Work item => Beginning with the line containing "Afbeelding van Joe" and ending with the last line of the records, set down every line exactly.

===== Supplied records

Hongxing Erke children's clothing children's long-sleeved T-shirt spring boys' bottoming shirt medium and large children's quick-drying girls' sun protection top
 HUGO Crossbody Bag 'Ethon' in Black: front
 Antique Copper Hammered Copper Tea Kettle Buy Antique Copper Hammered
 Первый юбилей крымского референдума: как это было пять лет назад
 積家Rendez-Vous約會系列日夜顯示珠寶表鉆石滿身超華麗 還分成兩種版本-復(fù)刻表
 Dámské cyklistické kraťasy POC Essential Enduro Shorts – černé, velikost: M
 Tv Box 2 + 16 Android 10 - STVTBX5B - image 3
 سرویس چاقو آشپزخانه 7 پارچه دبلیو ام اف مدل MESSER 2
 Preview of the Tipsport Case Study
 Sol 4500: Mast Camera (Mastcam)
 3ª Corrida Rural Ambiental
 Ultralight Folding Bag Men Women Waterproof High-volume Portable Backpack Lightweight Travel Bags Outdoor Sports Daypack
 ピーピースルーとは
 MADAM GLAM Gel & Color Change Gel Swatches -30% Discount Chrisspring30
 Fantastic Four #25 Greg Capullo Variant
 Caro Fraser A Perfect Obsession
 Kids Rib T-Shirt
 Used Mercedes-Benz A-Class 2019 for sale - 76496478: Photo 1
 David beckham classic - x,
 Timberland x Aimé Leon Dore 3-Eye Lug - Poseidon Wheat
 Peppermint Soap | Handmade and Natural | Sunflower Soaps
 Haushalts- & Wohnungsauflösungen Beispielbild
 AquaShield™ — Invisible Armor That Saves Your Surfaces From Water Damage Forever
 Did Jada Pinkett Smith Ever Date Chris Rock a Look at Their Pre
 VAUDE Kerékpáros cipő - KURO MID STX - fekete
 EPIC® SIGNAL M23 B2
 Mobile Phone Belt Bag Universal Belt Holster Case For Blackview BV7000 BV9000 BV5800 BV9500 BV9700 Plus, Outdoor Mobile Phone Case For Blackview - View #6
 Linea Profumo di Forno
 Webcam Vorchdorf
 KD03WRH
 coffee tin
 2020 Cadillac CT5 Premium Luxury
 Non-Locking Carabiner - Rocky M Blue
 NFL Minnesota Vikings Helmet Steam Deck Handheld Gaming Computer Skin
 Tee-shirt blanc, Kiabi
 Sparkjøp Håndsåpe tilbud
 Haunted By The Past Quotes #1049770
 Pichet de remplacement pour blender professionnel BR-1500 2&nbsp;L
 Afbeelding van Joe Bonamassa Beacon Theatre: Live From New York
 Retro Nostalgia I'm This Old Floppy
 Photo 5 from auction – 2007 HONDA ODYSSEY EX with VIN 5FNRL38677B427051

==========

Task result =>
 Afbeelding van Joe Bonamassa Beacon Theatre: Live From New York
 Retro Nostalgia I'm This Old Floppy
 Photo 5 from auction – 2007 HONDA ODYSSEY EX with VIN 5FNRL38677B427051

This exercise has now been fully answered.